In relation to military architecture, Cooper points to one of the best European engineers in the service of the Emperor: the Italian Benedetto de Ravenna. In any case, the importance of the castle of Sabiote lies in being the first of the preserved Spanish castles to apply the principles of bastioned fortification. If for the military project Cobos had Italian plans or even the direct participation of a military engineer, for the rest of the palatial factory everything points to the intervention of Andrés de Vandelvira. Chueca Goitia thinks that Vandelvira should have had the advice of a specialist in military architecture, leaving the rest in his hands. For our part, and without invalidating such appreciation, we think that both in Sabiote and Canena the participation of the architect Luis de Vega and the sculptor Esteban Jamete is more than likely.

Vandelvira, Luis de Vega and Jamete were working for Cobos in the first half of the 16th century in Úbeda and logically the bulk of the direction and execution of the works of the two castles had to fall on them.
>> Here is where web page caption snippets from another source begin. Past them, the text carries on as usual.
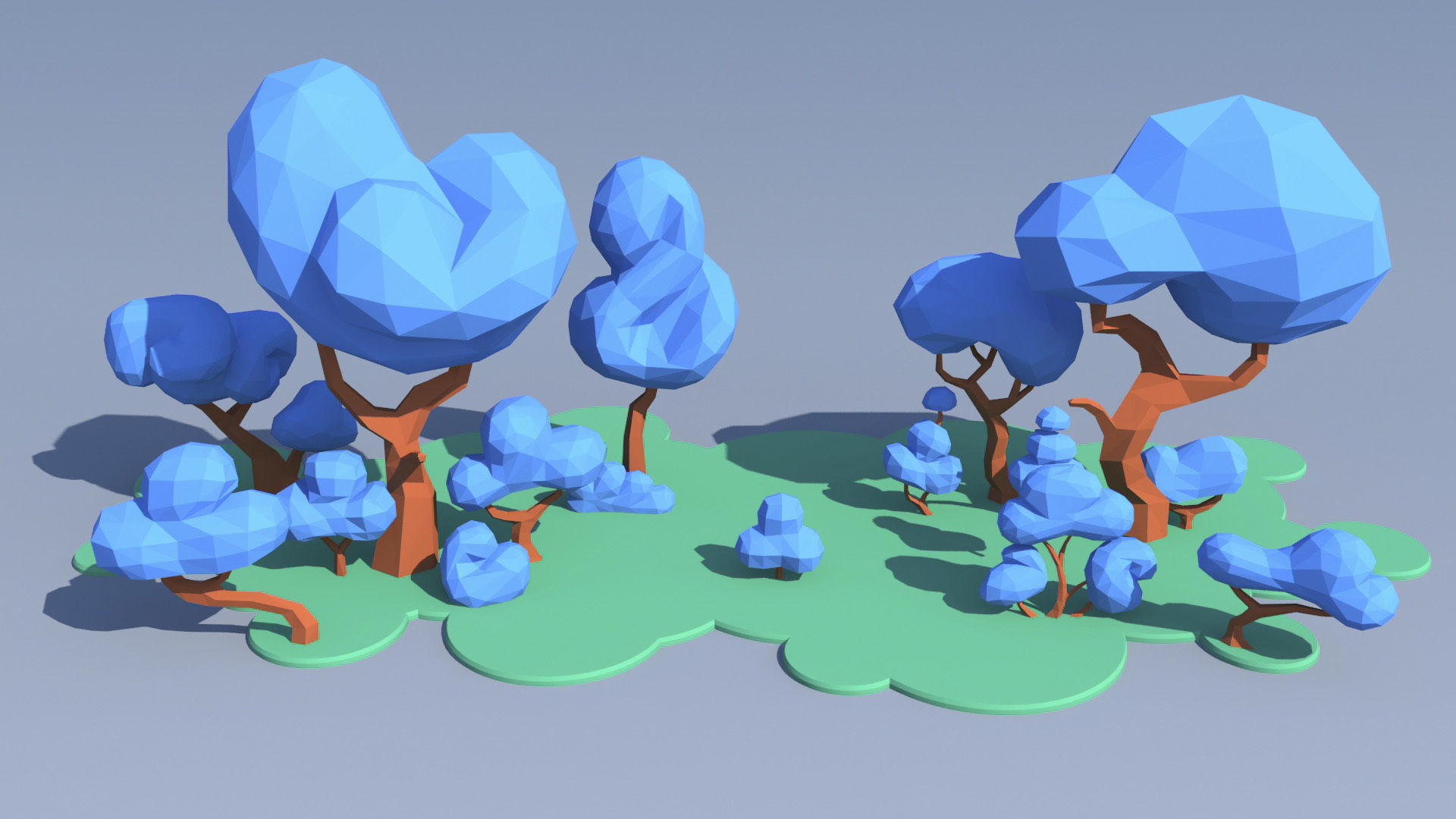 Trees and Bushes Pack - 01 Low-poly 3D model_22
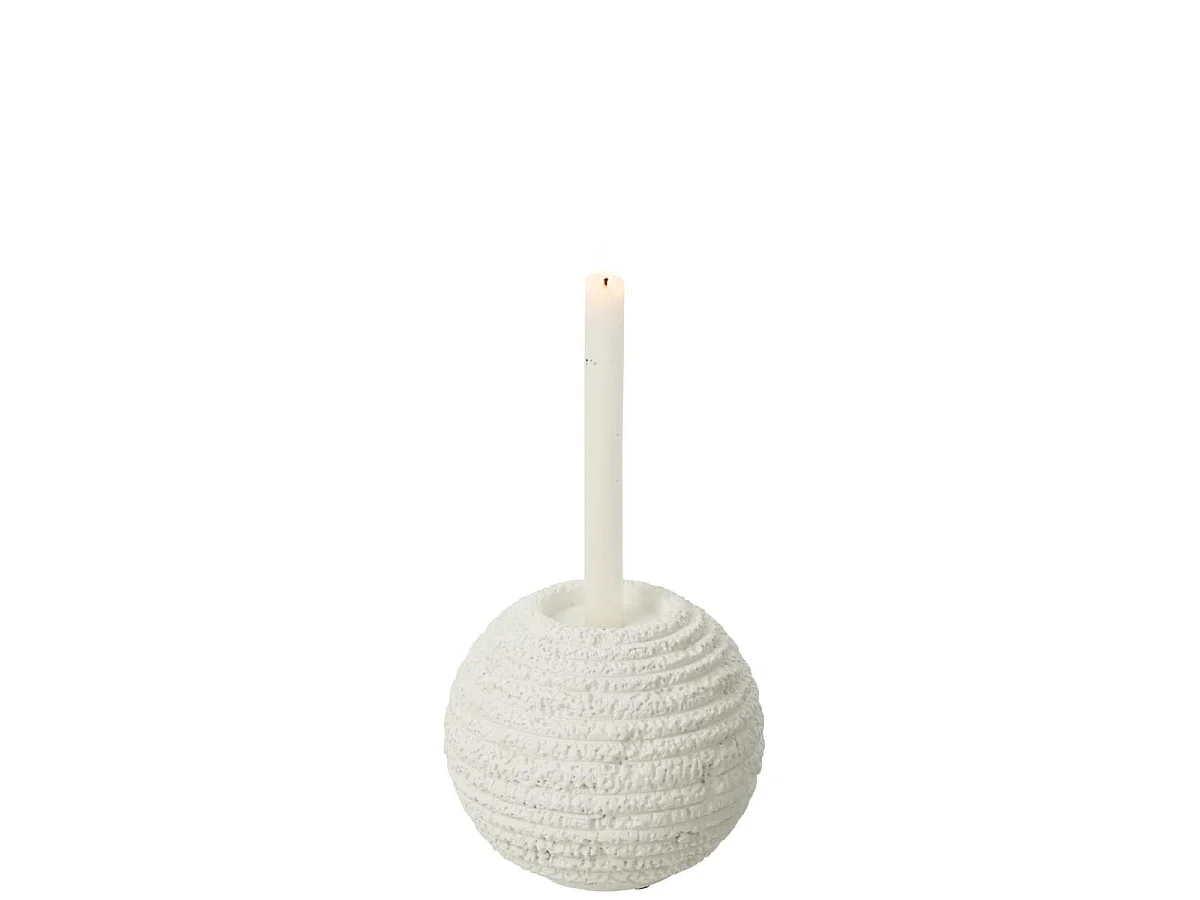 Chandelier Rond en Ciment "Creta" 18cm Blanc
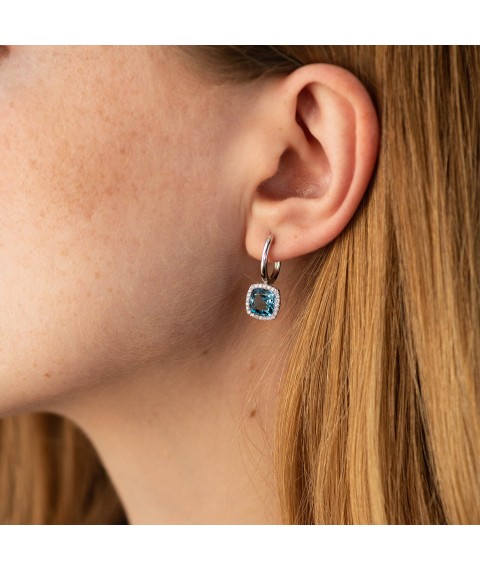 Gold earrings (London Blue topazes, diamonds) sb0517sm Onyx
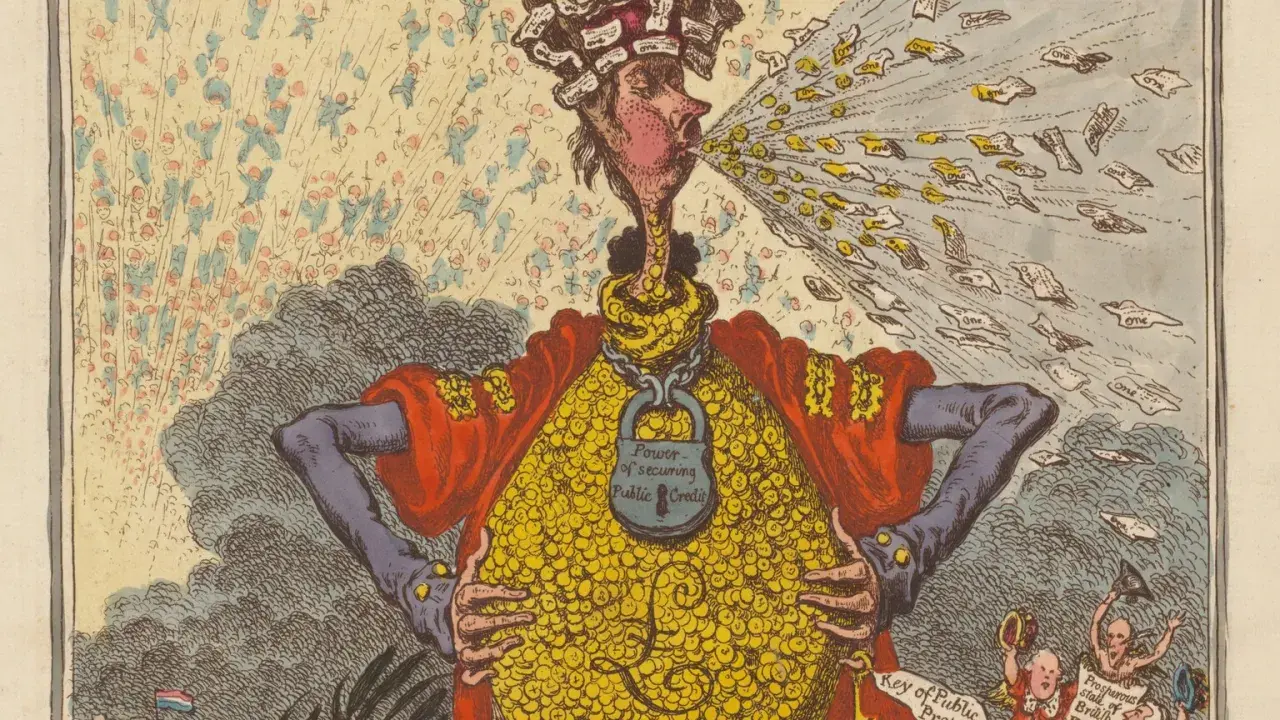 A satirical cartoon, one of many funny famous paintings, depicts a figure spewing coins and banknotes, his body a vault of gold, chained with "Public Credit.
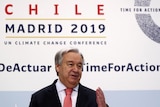 UN Secretary-General Antonio Guterres speaks during a news conference on the eve of the UN climate summit.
The essential works of the new Renaissance factory of the castle of Sabiote were developed between the years 1537 to 1543, date this carved in the beautiful shield that presides over the main patio; other interventions have been documented in the seventeenth century, the set being partially ruined in the nineteenth.

The Renaissance castle completely masked the old medieval one by being incorporated and lined with the new curtains, platforms and towers made of regular masonry and ashlar masonry; Mailbox and oval embrasures, espingardas, casemate, crenellated piled up to house beautiful shields, and many other details make the exterior of the Sabiote castle an imposing factory facing the town. The access is ennobled with a doorway with grotesques and the arms of Cobos and María de Mendoza. Once inside, and after crossing a grandiose carpanel arch, the spectacle that is presented to us is somewhat desolate as the ruin floods the complex, especially in the space occupied by the patio and the outbuildings, of which mere vestiges they remember a splendid past.

However, thanks to the cleaning work of the years 1981-82 we can get an idea of ??the wealth and beauty of the patio, since numerous pieces came to light: shafts, bases, bases, capitals, cornices, spandrels, heraldry, balusters, shoes, etc .; This consisted of two pandas on three of its sides, as the fourth is delimited by the great curtain that runs from the keep to the entrance to the fortress; the lower group was articulated with semicircular arches lowered into Ionic columns, the upper one-lintelled- with balustraded parapet, bases, Ionic columns and footings. The quality of the carvings, as well as their perfect stereotomy, make this patio one of the most outstanding pieces of our Renaissance palatial architecture.